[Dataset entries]
-----

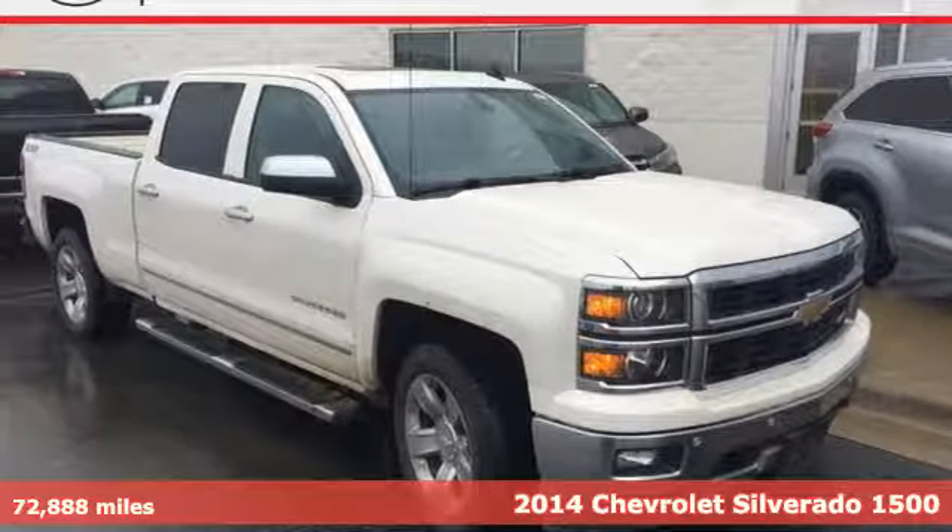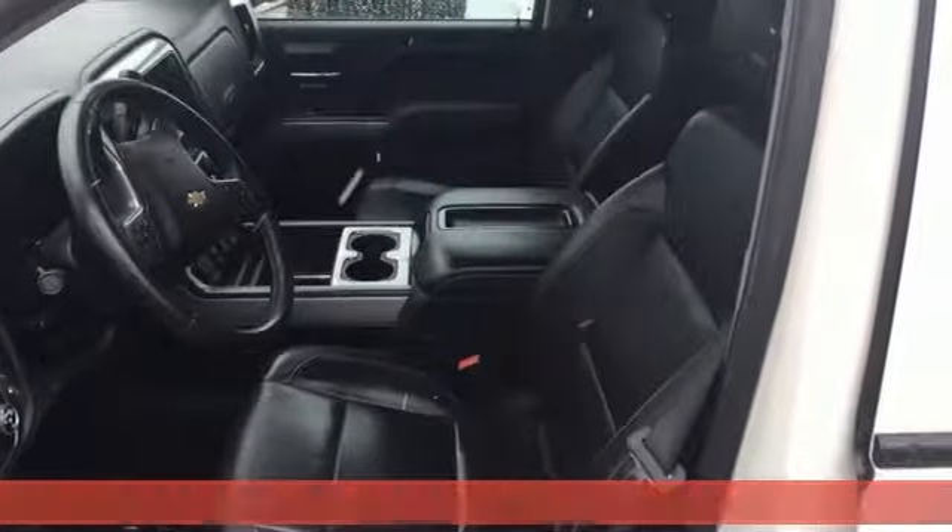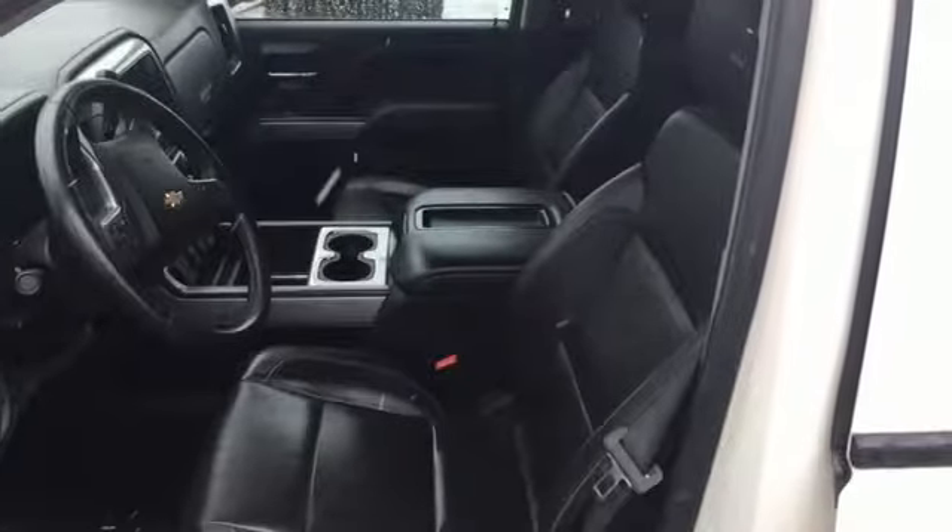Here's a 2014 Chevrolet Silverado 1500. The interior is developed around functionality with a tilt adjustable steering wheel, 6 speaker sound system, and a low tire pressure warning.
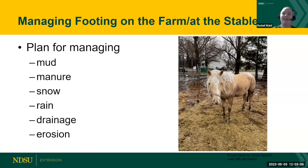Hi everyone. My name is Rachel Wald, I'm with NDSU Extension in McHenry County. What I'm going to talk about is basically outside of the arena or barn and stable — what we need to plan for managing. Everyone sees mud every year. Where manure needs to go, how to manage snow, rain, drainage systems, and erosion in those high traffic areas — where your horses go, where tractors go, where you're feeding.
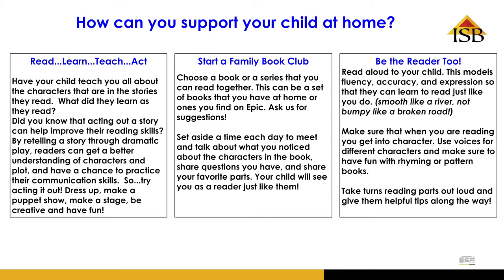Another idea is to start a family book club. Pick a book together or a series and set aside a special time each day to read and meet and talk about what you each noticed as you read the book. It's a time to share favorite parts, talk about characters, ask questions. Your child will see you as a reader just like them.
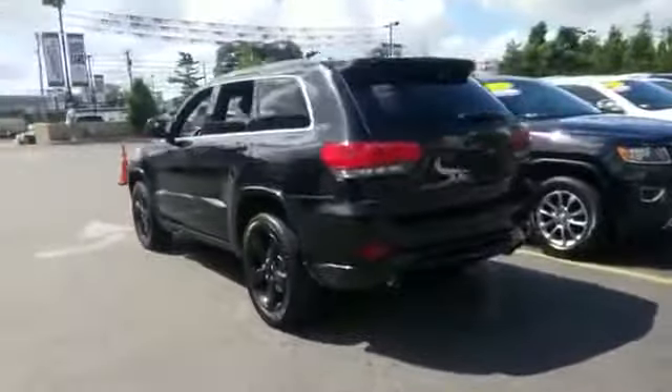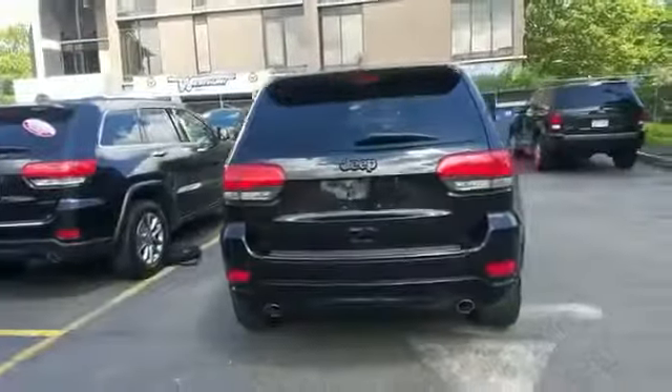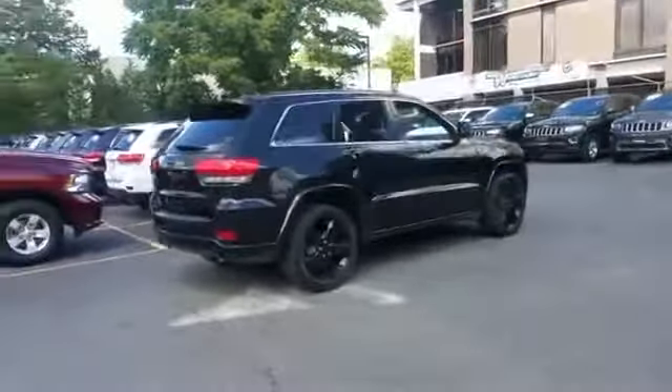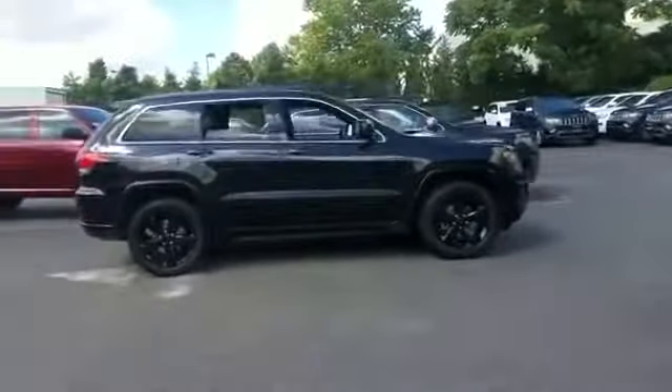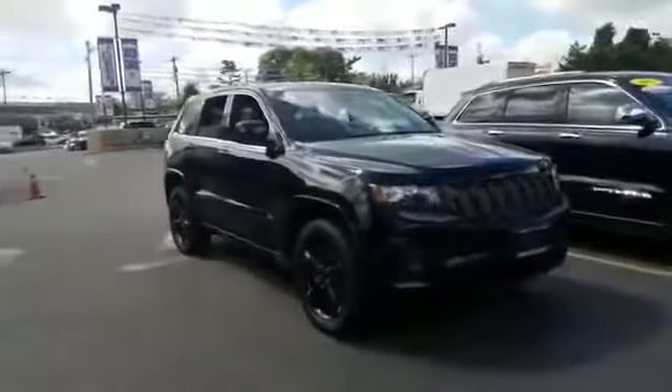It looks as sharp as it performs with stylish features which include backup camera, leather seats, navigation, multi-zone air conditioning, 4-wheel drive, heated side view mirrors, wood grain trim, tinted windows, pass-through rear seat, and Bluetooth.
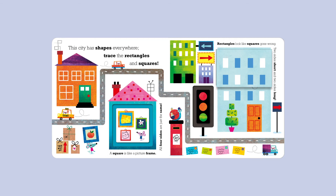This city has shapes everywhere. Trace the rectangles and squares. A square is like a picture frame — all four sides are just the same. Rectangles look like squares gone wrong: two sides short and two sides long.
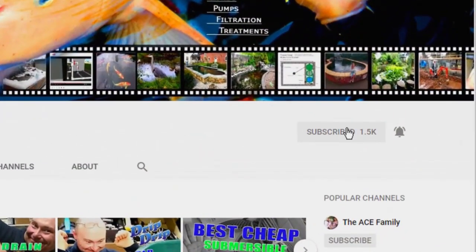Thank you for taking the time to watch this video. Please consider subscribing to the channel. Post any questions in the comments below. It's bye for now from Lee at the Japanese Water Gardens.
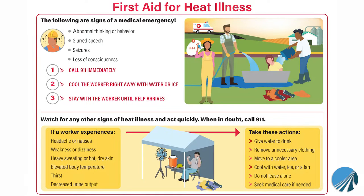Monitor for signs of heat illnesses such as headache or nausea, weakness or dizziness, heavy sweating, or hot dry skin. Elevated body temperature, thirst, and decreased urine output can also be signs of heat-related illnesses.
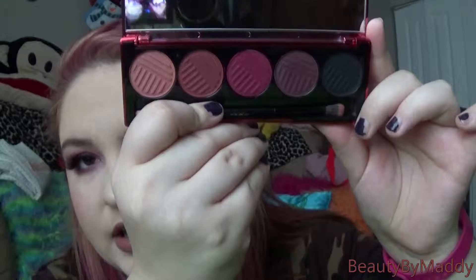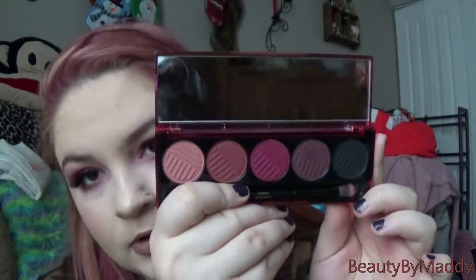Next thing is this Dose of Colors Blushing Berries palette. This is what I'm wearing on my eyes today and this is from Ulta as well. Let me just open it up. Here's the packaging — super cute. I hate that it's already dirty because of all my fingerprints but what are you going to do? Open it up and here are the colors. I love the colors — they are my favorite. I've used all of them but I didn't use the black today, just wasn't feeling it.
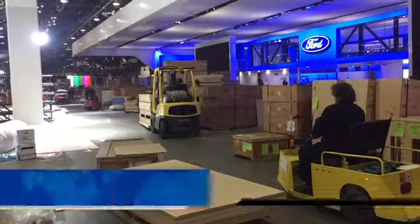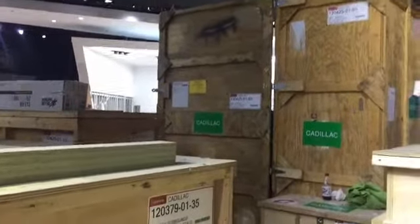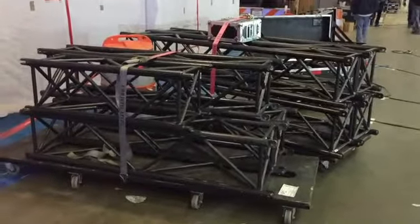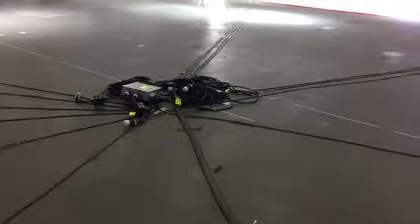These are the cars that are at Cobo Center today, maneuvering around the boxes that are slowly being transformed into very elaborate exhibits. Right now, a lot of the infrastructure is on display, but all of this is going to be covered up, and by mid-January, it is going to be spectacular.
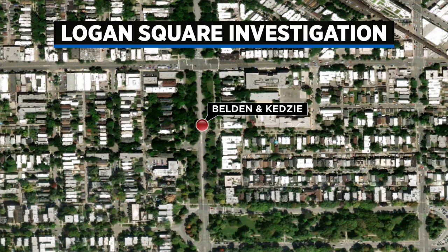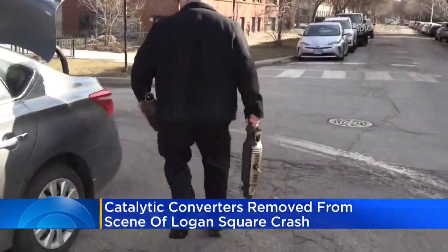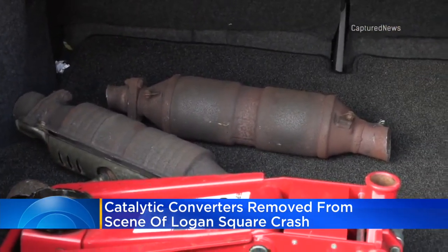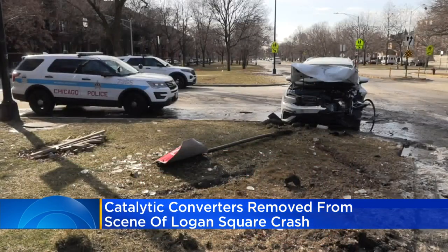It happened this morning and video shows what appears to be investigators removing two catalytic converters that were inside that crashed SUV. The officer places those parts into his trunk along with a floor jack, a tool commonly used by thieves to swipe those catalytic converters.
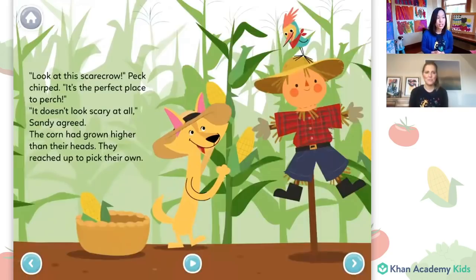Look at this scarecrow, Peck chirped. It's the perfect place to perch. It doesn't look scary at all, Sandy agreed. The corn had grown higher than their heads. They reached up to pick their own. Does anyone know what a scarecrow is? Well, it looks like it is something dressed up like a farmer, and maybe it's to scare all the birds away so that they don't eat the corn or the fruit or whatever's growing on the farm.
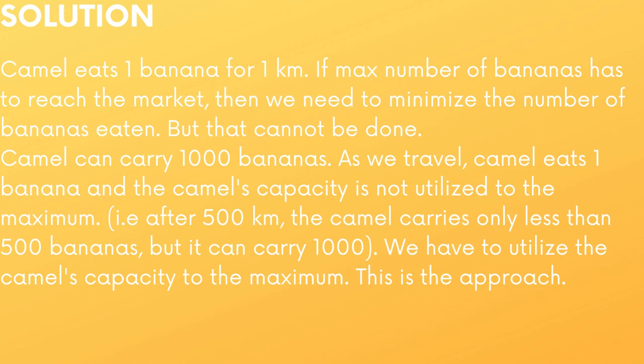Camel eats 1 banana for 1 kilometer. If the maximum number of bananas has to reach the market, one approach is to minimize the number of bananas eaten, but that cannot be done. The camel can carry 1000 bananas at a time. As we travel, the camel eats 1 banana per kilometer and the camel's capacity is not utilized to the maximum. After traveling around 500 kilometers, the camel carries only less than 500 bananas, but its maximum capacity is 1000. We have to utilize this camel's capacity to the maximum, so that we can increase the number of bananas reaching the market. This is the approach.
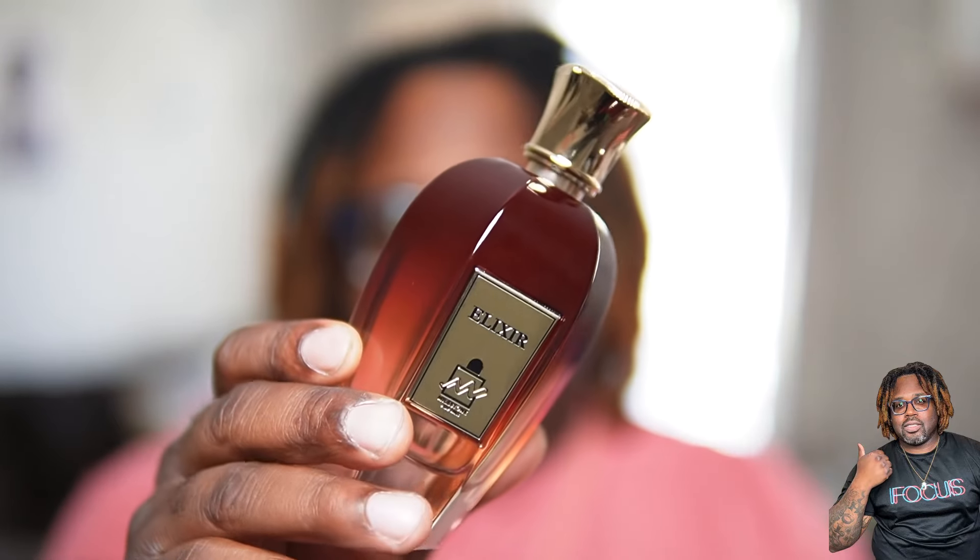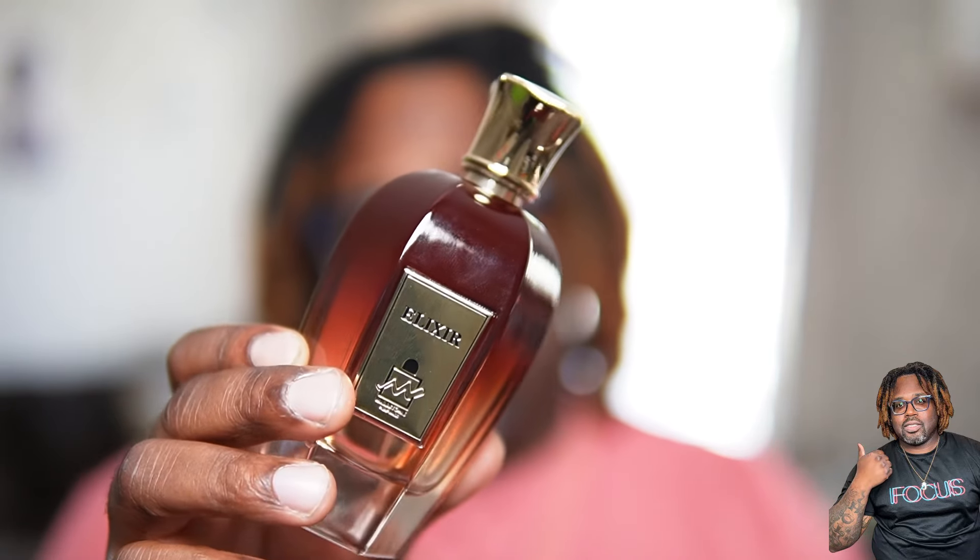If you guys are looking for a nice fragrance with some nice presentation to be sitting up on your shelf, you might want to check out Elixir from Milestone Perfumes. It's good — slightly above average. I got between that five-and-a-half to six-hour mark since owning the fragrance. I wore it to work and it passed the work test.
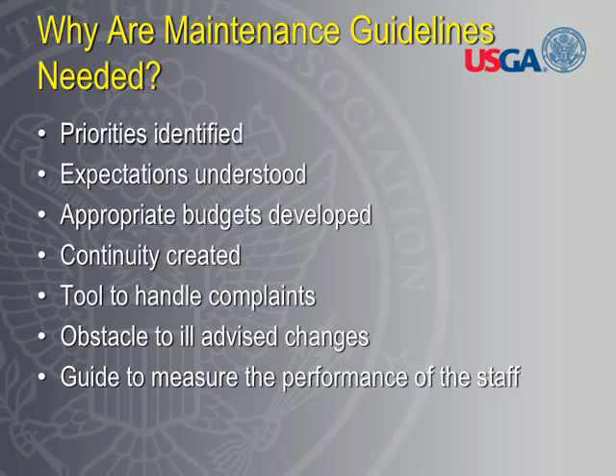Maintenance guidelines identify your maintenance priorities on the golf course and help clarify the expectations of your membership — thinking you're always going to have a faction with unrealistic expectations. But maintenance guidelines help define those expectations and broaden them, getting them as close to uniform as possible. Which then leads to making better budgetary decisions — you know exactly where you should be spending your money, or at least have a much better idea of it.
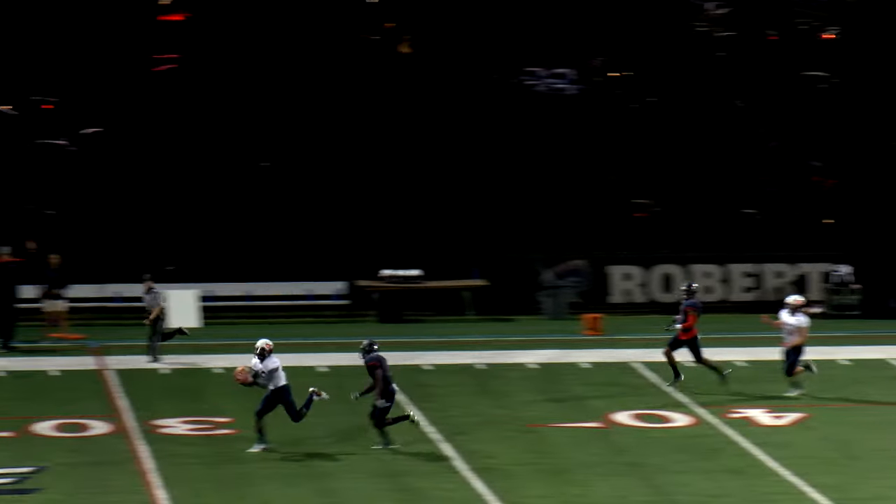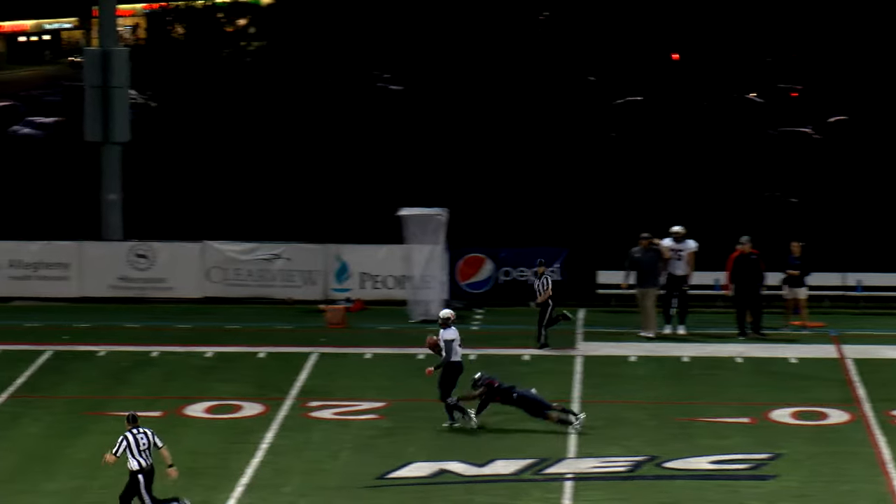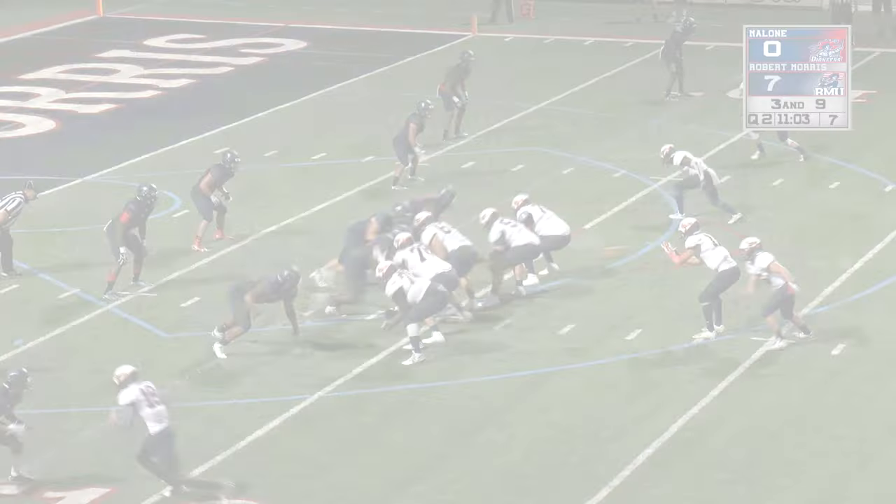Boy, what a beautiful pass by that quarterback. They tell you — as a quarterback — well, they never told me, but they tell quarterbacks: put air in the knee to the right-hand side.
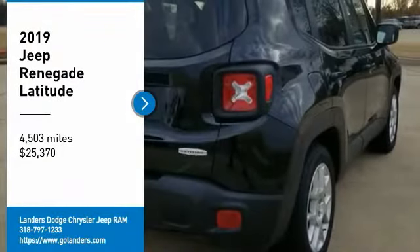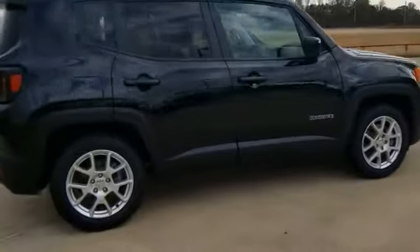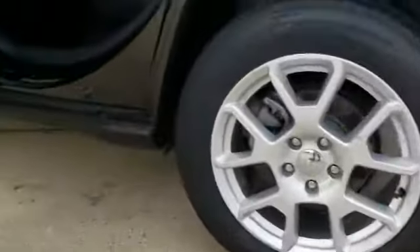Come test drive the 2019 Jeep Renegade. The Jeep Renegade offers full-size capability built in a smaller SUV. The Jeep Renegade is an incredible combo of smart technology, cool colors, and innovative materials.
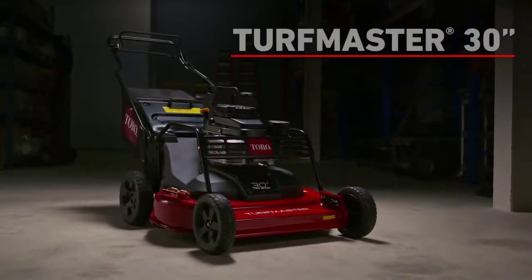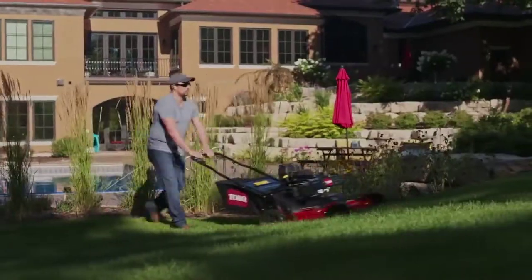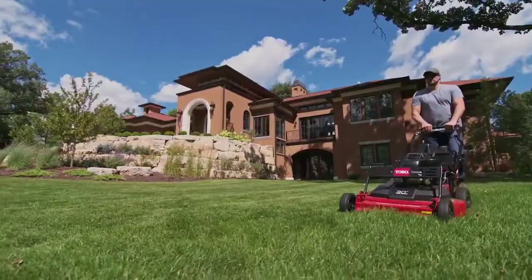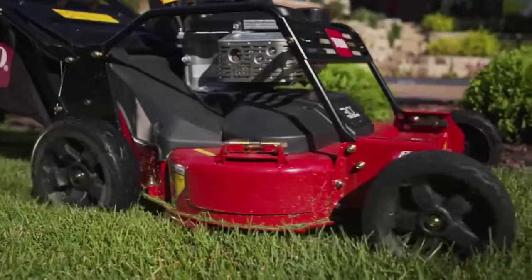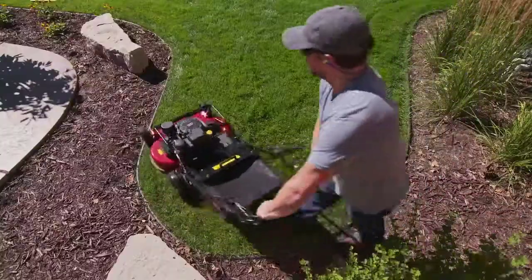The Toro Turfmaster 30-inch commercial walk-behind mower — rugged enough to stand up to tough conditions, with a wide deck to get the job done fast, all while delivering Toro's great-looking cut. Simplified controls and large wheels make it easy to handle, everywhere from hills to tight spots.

-----

Activity:
All lines above from the one containing "Thank you for" up to and including the one containing "It happened this" are to be set down exactly, and nothing else. Leave images out.

Finished task:
Thank you for taking the time to watch this video. Please consider subscribing to the channel. Post any questions in the comments below. It's bye for now from Lee at the Japanese Water Gardens.
Monitor for signs of heat illnesses such as headache or nausea, weakness or dizziness, heavy sweating, or hot dry skin. Elevated body temperature, thirst, and decreased urine output can also be signs of heat-related illnesses.
Next thing is this Dose of Colors Blushing Berries palette. This is what I'm wearing on my eyes today and this is from Ulta as well. Let me just open it up. Here's the packaging — super cute. I hate that it's already dirty because of all my fingerprints but what are you going to do? Open it up and here are the colors. I love the colors — they are my favorite. I've used all of them but I didn't use the black today, just wasn't feeling it.
These are the cars that are at Cobo Center today, maneuvering around the boxes that are slowly being transformed into very elaborate exhibits. Right now, a lot of the infrastructure is on display, but all of this is going to be covered up, and by mid-January, it is going to be spectacular.
It happened this morning and video shows what appears to be investigators removing two catalytic converters that were inside that crashed SUV. The officer places those parts into his trunk along with a floor jack, a tool commonly used by thieves to swipe those catalytic converters.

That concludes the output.